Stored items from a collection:
++++++

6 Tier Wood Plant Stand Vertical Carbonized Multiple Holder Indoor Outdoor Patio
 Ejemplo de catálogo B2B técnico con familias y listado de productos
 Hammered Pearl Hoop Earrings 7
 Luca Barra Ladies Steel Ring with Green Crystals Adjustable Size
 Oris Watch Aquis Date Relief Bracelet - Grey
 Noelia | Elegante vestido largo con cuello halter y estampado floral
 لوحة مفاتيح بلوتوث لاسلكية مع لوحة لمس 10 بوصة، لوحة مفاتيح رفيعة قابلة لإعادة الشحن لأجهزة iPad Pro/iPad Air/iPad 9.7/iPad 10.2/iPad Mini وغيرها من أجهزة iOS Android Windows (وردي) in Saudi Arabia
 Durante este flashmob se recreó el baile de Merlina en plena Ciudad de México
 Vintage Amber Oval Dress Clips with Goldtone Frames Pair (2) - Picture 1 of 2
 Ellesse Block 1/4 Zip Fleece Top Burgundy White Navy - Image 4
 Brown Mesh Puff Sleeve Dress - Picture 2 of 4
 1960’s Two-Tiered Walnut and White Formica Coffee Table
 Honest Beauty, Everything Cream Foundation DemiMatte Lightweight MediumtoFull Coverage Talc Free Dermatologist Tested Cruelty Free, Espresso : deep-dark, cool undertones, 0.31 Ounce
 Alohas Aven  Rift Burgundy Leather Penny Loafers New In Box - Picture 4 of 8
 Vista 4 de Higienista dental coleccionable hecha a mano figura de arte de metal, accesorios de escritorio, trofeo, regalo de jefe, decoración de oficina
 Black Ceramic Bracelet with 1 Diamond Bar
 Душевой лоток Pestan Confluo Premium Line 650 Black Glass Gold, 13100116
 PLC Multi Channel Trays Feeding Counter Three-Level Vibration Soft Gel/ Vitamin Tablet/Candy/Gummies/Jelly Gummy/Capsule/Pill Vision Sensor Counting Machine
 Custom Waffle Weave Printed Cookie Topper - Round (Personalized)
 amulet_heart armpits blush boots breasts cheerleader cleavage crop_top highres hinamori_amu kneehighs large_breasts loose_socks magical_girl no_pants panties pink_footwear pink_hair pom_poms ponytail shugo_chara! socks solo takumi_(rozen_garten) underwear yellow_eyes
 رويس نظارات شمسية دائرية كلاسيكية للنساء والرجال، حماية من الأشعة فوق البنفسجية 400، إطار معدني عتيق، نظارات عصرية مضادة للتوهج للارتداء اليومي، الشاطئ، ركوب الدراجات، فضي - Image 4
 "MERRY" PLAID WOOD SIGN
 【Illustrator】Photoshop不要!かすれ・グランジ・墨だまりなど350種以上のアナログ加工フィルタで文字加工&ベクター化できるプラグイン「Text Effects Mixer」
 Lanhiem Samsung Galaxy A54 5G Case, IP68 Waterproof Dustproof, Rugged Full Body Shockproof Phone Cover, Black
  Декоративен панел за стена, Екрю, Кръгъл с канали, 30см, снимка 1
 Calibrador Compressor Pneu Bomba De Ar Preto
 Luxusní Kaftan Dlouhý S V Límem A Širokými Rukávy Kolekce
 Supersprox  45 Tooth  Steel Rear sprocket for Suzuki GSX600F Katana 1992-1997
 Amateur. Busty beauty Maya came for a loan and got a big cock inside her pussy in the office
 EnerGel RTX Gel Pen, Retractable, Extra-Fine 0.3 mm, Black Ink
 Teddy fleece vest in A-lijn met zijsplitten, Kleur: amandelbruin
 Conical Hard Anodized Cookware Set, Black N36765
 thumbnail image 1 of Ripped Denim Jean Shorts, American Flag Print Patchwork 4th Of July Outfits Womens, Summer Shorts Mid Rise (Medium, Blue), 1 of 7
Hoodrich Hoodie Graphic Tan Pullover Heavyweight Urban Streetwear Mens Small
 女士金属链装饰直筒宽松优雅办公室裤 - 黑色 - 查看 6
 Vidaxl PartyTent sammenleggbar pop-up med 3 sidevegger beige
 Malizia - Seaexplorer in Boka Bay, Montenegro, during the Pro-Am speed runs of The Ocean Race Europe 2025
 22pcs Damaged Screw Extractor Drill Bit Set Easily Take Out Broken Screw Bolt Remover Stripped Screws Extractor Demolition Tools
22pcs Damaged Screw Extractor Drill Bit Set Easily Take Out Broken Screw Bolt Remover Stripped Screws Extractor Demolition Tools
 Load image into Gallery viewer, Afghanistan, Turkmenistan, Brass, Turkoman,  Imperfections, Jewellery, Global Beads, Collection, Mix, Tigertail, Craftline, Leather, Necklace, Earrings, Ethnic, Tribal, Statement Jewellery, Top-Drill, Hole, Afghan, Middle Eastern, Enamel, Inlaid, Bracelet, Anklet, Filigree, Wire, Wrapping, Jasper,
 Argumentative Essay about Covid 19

++++++

§ **What is being asked**
Only the number should be given: the count of lines above that hold the word "Extractor".

§ **Answer section**
2